Ex-eBay workers to plead guilty to sending spiders to Massachusetts bloggers
Four former eBay employees have agreed to plead guilty for their roles in an intimidation campaign that included sending live spiders and cockroaches to a Massachusetts couple who ran an online newsletter that was highly critical of the auction site.
"Four former employees of eBay are scheduled to plead guilty on Oct. 8 at 2pm via Zoom in federal court in Boston," according to a tweet from the U.S. attorney's office in Massachusetts. "The defendants are charged with participating in a cyberstalking campaign that targeted a Massachusetts couple."
The four expected to plead guilty are California residents Brian Gilbert, Stephanie Popp, Stephanie Stockwell and Veronica Zea, according to The Boston Globe. They are all charged with conspiracy to commit cyberstalking and conspiracy to tamper with a witness.
They are among seven former eBay employees charged in the case, including James Baugh, eBay's former senior director of safety and security, and David Harville, the company's former director of global resiliency. The Massachusetts couple had other disturbing items sent to their home, including a funeral wreath and a bloody pig Halloween mask.

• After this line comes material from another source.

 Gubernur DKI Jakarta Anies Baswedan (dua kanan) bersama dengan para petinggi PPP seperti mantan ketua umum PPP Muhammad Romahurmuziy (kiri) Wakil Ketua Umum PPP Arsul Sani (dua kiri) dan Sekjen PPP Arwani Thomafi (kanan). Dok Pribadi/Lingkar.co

According to court documents, eBay executives became upset with negative coverage of the company on an e-commerce blog operated out of Natick, Massachusetts, and in anonymous comments that appeared under the blog's stories. They became convinced that some of the anonymous commenters, which included parody accounts, were colluding with the husband-and-wife team who published the blog and texted about the need to "take her down" and "burn her to the ground."
The ex-employees allegedly created a Twitter account and used it to send harassing messages to the blog's publishers before publicly posting their home address. The employees also sent pornographic magazines with the husband's name on them to their neighbor's house and planned to break into the couple's garage to install a GPS device on their car, officials said.
Their lawyers declined to comment Wednesday.
California-based eBay launched an internal investigation after being notified by law enforcement of "suspicious actions by its security personnel," company officials wrote in a prepared statement.
The suspects engaged in "systematic campaign fueled by the resources of a Fortune 500 company to emotionally and psychologically terrorize this middle-aged couple in Natick," U.S. Attorney for Massachusetts Andrew Lelling said at a June news conference when the charges were announced.